The first step of product diversification is knowing the needs of your customers and partners and having a comprehensive understanding of the market. This begins with conducting research for product development. Understanding market research trends allows you to uncover new opportunities, understand potential risks, identify gaps in the market, assess the competition, and make informed decisions about your product diversification strategy. If not done right, you risk building products that don't resonate with your target audience or have already been saturated by competitors. 

Essentials of market research 

There are several methods for conducting market research for product development, each with its own strengths and weaknesses. Here are some techniques you might consider: 

  • Surveys: Surveys allow you to gather data directly from your target audience. They can be conducted online, over the phone, or in person. Key questions might concern purchasing habits, product preferences, and attitudes toward your brand. 

At Carwow, an online marketplace for buying and selling cars, our user research team regularly surveys specific pages of our website to understand and quantify unmet needs. Using surveys, we discovered that around 70% of our users in the UK were open to buying both used and new cars, which gave us the confidence to explore further the idea of relaunching our used cars product line.

  • Focus groups: These involve gathering a small group of people and facilitating a discussion about your product or business. The interactive nature of focus groups can yield rich insights. At Uber, I remember doing focus groups with Fleet partners in India, which helped us discover significant pain points. These were then addressed through the Uber Fleet app.
  • Market analysis: This involves looking at data and trends in the industry to understand the broader market context. This can help you identify potential opportunities and threats. Dunzo, an online marketplace in India, launched bike taxis in addition to grocery and food delivery. This increased the overall utilization of the existing delivery riders, thereby increasing their earning potential while acquiring new customers.

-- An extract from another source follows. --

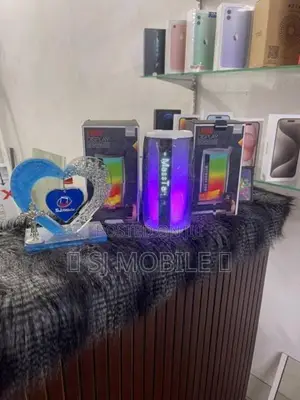 BTS 2126 Speaker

Once you've gathered your data and completed the market analysis, the next step is interpreting it. Look for patterns and trends that can inform your product diversification strategy. For instance, if survey respondents express a need for a product feature your competitors don't offer, this could represent a market opportunity. Similarly, if your market analysis reveals a growing trend that your products don't currently cater to, this could suggest a potential area for diversification. 

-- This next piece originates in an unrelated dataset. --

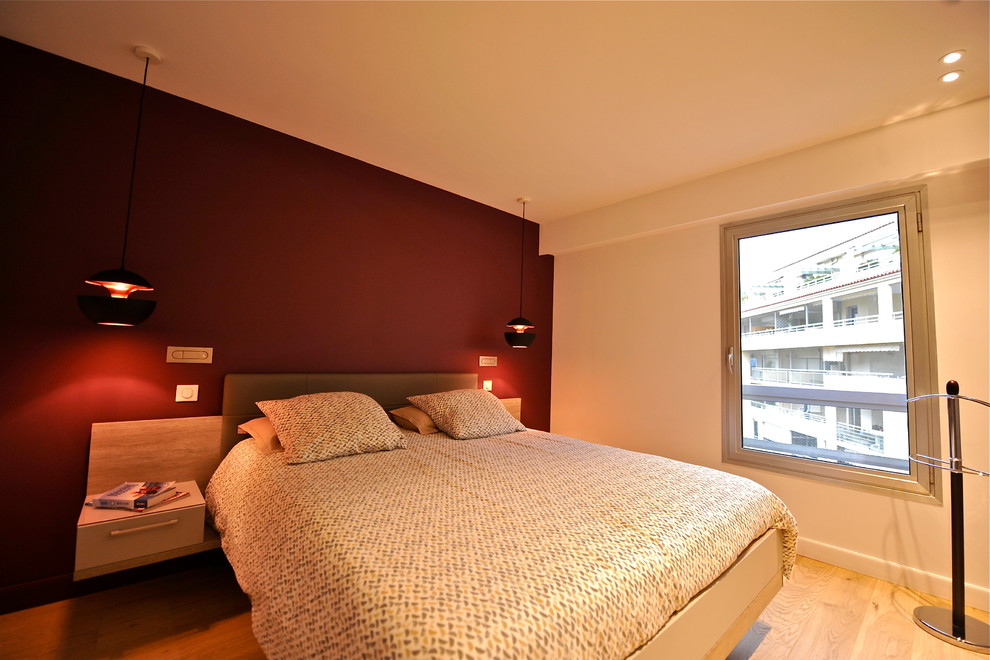 Foto de dormitorio principal romántico de tamaño medio con paredes púrpuras, suelo de madera clara y suelo marrón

Market research aims not just to gather data but to gain insights that can guide your diversification strategy. It can help you make an informed decision, invest resources wisely, and help differentiate yourself from the competition.

Key responsibilities of product managers 

As a product manager, you are the indispensable cog in the wheel of product diversification. Your responsibilities fall broadly into five categories.

  • Aligning stakeholders: PMs must ensure all stakeholders, from design to marketing, are on the same page regarding the product's direction and timeline. It’s important to keep key leaders involved and updated on the progress and flag any issues early on.
  • Facilitating market research: PMs should work closely with the user research team and, in some instances, fully own the market research process to build confidence in the idea of launching a new product line.
  • Competitive benchmarking: PMs analyze competitors' products and strategies to determine where their product stands in the market and where improvements can be made.
  • Planning: PMs create detailed plans outlining each step of the product development process, from initial concept to launch and monitoring.
  • Defining clear milestones and success criteria: PMs set clear, measurable goals to track the product's progress and determine its success once launched.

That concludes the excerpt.